For disparate watersheds of the Pacific Northwest, I have been working to address issues around the implementation of water markets. In doing so, I seek answers to the following questions:
With changes in flow from water transactions, what co-benefits exist for indicators of water quality?
What characteristics of watersheds explain baseline conditions for flow, temperature, nutrients, and sediment?
How well can we predict water quantity and quality in unmonitored streams?
Considering future water resource management efforts, what changes in water quantity and quality might we expect to achieve?

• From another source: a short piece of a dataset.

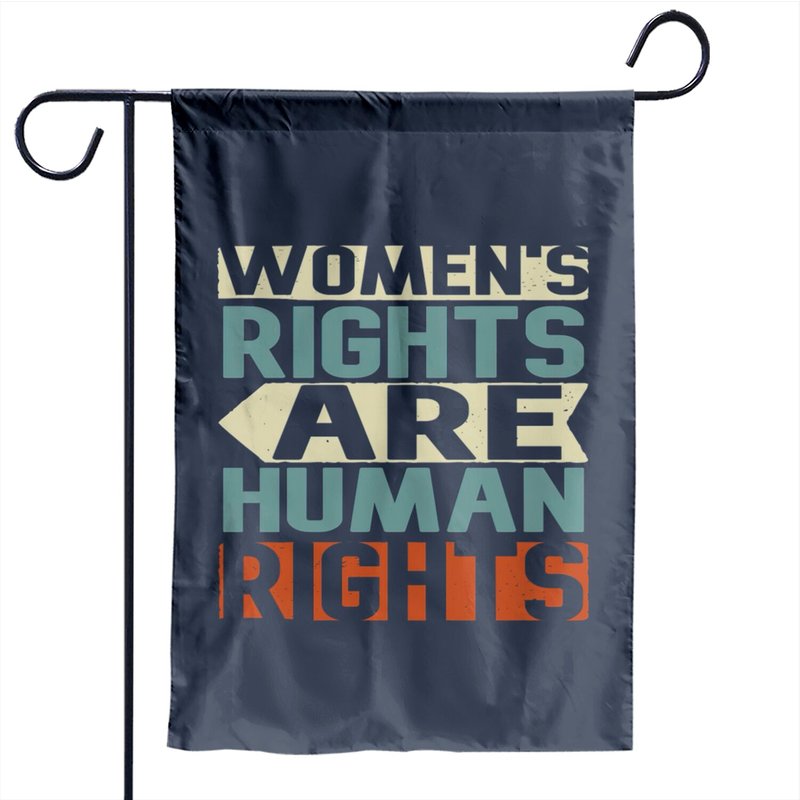 Drapeaux de jardin Droits des femmes sont des droits humains — Drapeaux décoratifs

To help answer these questions, I have been on a data treasure hunt. I find treasures in all sorts of places, shapes, and sizes. Some are polished gems that can go seamlessly into my treasure trove. Others are rough rocks that need splitting, chipping, smelting, and recasting to add value. Different data purveyors of have varying capacity and resources to make this kind of job easier or harder for people like me. For any data scientist, this is a well-known problem. Each of us has tools and techniques to do data magic (i.e. processing).

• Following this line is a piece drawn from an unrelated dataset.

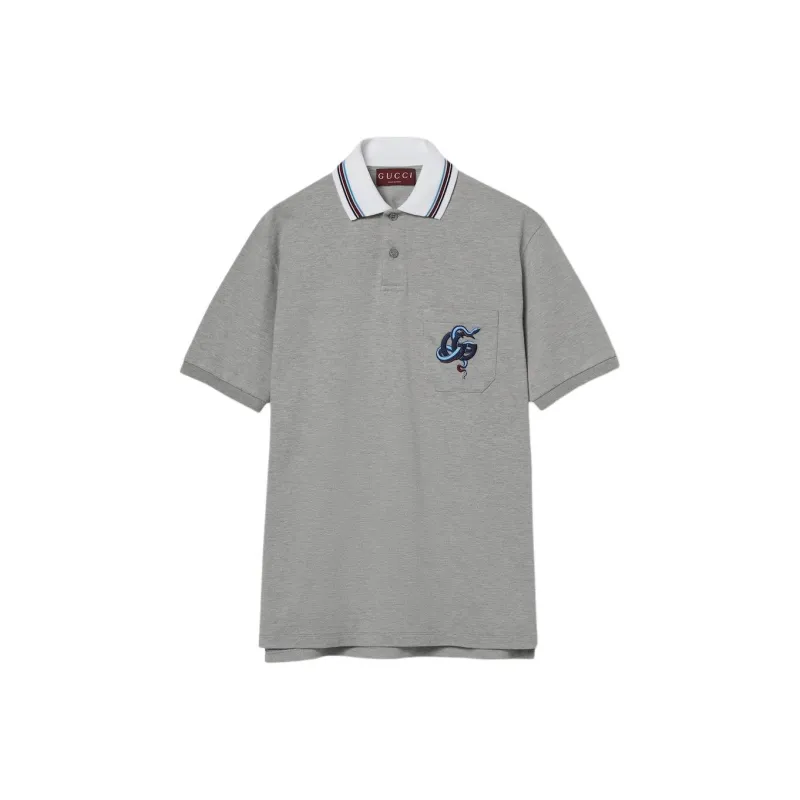 GUCCI SS25 Polo Shirt Men's Gray-0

For a pilot project I have been working on in the state of Washington, I recently found one valuable source with a bevy of rough data. The Washington Department of Ecology’s Hydrology Branch has decades of daily records (from 2003 to present) for flow, stream temperature, air temperature, precipitation, and stage data at 385 monitoring sites across the state.

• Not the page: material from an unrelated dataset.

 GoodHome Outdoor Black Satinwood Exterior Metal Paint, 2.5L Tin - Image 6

To make some data magic, I wrote some R code to download, integrate, format, and compile data. Using the test case of the in the Wenatchee watershed, I chose six gages of 385 gages. Each of the six gages had discrete text files for each water year (over 400 text files) and with unique characteristics (e.g. different file names, added variables in certain years but not others, lack of geolocation, inconsistent naming conventions). To address these idiosyncrasies, my code exploded to over 1,000 lines. It could be shorter. I know I missed opportunities to shorten it additional loops and if/then statements. Less code is typically better. I will improve this tool as I use it further in other projects. However, as a data scientist it was satisfying to execute the code, crawl over the internet, and shape the idiosyncratic rocks of data into more than 140,000 gems of useable records. Now, I can now look further at what happening with the water of the Wenatchee, why it is doing what it is, and how it might change in the future. More than simply gems of data, these data will help to answer my questions, which will be the real treasure!